Von Miriam Schönbach
Der Schlaf war viel zu kurz. Fröstelnd zieht Ines Frenzel ihre schwarze Strickjacke eng um ihren schmalen Körper. „Wir haben bis in die Nacht zum ersten Mal unseren Stand auf dem Berliner Weihnachtsmarkt aufgebaut – und heute Morgen wurde ich gegen 6.30 Uhr geweckt, weil ein Schlüssel fehlte“, sagt die Geschäftsführerin der Pulsnitzer Lebkuchenfabrik.

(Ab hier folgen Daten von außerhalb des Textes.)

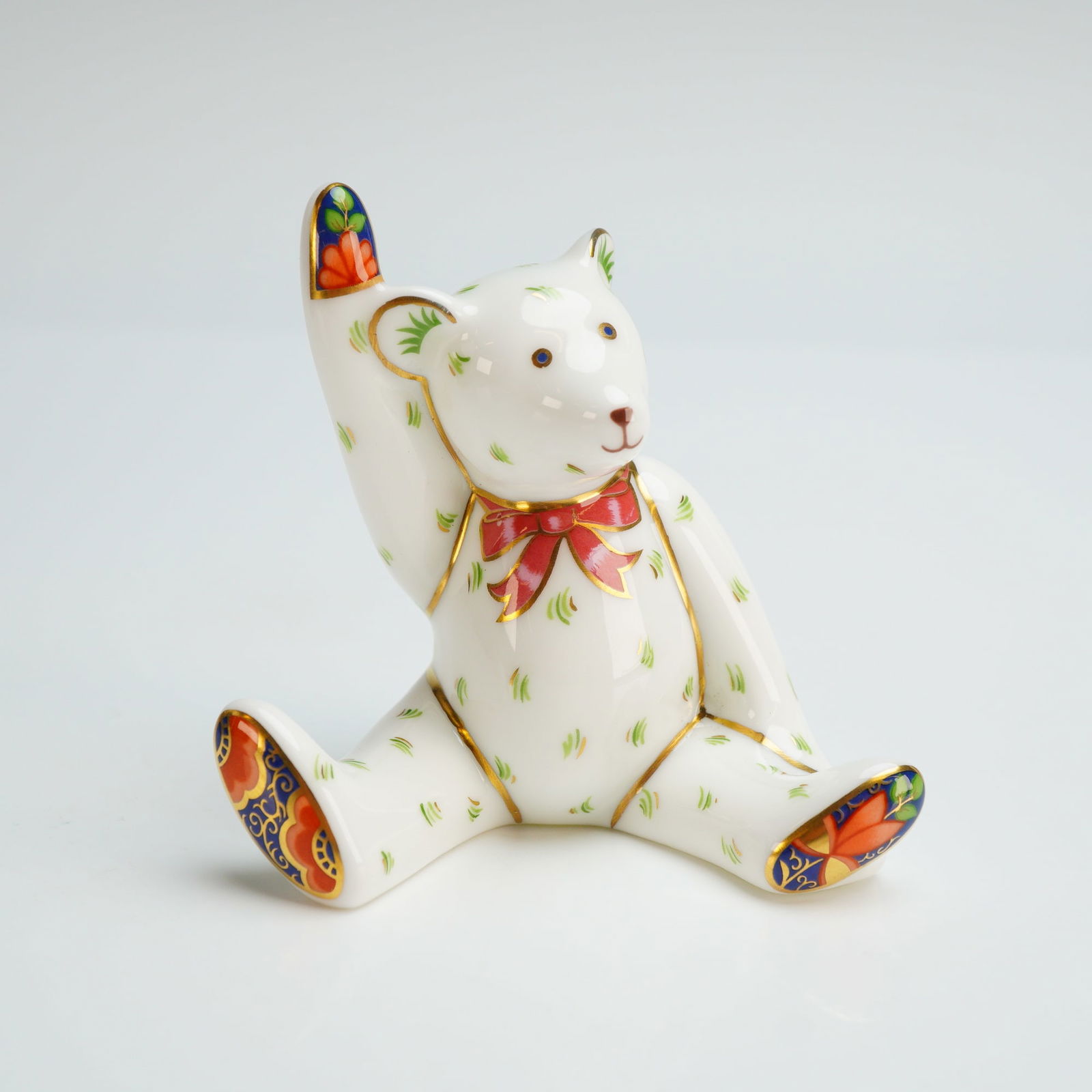 Royal Crown Derby Miniature Figurine, Victoria Waving Teddy Bear (1 of 4)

Seit vier Uhr arbeitet die erste Schicht. Der Duft von Zimt, Muskat, Kardamom und Anis erfüllt den Ort. Ohne aufzublicken zählt Inge Frenzel jeweils vier runde Pfefferkuchen ab und verstaut sie in einer Tüte. „Unsere Hexenhäuschen brauchen Nachschub“, sagt die Mutter der Geschäftsführerin. Das Dreier-Gespann aus Vater Dieter, Mutter und Tochter übernahm 1992 den Betrieb aus dem Bestand der Treuhand. Dieser Schritt sicherte der einzigen Lebkuchenfabrik Ostdeutschlands ihr Weiterbestehen in der Pfefferkuchenstadt Pulsnitz. In den noch acht bestehenden Pfefferküchlereien wird seit 450Jahren der besondere Honigkuchen aus dem Lagerteig gebacken. In dieser Tradition sieht sich auch Ines Frenzel. „Unser Betrieb war schon immer ein Familienunternehmen. Es wurde vor über 150 Jahren gegründet.“
Seit damals habe sich die Anordnung der Maschinen nicht sonderlich verändert – und auch die Herstellungsweise ihrer Pfefferkuchen unterscheide sich nicht von der Handarbeit in den kleinen Pfefferküchlereien in der Stadt. Allerdings fällt hier alles viel größer aus: In 200Holzbottichen warten vier Wochen lang jeweils 70 Kilo dunkler Teig auf ihre Weiterverarbeitung. Nach dem Kneten fährt die Masse durch einen riesigen Vielfach-Ausstecher. An diesem Morgen produziert er Rechtecke am Fließband, die sogleich wieder in einem Backofen verschwinden. Nach knapp 30Metern spuckt dieser die heißen Rohlinge wieder aus. Nach einer langsamen Fahrt durch die zweite Halle tauchen die Platten in ein Schokoladenbad. Abgeschlossen ist der Prozess, wenn die glasierten und abgekühlten Pfefferkuchen in der Verpackungsmaschine landen. Zwei Tonnen dieser süßen Leckereien stehen am Ende jeder Schicht bereit. Für den Weg zwischen Teigmachen bis in die Schachtel braucht der Lebkuchen gerade 90Minuten.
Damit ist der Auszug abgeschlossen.